Procedural Dilemma Generation for Evaluating Moral Reasoning in Humans and Language Models
Jan-Philipp Fränken, Kanishk Gandhi, Tori Qiu, Ayesha Khawaja, Noah D. Goodman, Tobias Gerstenberg
TL;DR
This work introduces OffTheRails, a procedural framework that uses causal-graph templates to generate scalable moral-dilemma prompts for evaluating moral reasoning in humans and language models. Through a two-stage generation process, it yields 50 scenarios with eight conditions each (400 items), and it benchmarks 80 human judgments alongside GPT-4 and Claude-2 responses. The findings show that harms that are a necessary means and evitable harms reduce permissibility and raise intended harm, while commission vs omission shows little effect, with models correlating to human judgments but with weaker signals.
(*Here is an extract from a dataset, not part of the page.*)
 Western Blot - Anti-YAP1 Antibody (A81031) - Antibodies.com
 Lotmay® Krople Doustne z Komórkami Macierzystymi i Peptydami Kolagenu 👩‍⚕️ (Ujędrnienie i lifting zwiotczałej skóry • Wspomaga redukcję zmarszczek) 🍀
The framework offers a scalable, structured approach for probing moral reasoning in AI systems, highlighting both its promise and current limitations, and pointing to directions for improving scenario strength and coverage.
Abstract
As AI systems like language models are increasingly integrated into decision-making processes affecting people's lives, it's critical to ensure that these systems have sound moral reasoning. To test whether they do, we need to develop systematic evaluations. We provide a framework that uses a language model to translate causal graphs that capture key aspects of moral dilemmas into prompt templates. With this framework, we procedurally generated a large and diverse set of moral dilemmas -- the OffTheRails benchmark -- consisting of 50 scenarios and 400 unique test items. We collected moral permissibility and intention judgments from human participants for a subset of our items and compared these judgments to those from two language models (GPT-4 and Claude-2) across eight conditions. We find that moral dilemmas in which the harm is a necessary means (as compared to a side effect) resulted in lower permissibility and higher intention ratings for both participants and language models. The same pattern was observed for evitable versus inevitable harmful outcomes. However, there was no clear effect of whether the harm resulted from an agent's action versus from having omitted to act. We discuss limitations of our prompt generation pipeline and opportunities for improving scenarios to increase the strength of experimental effects.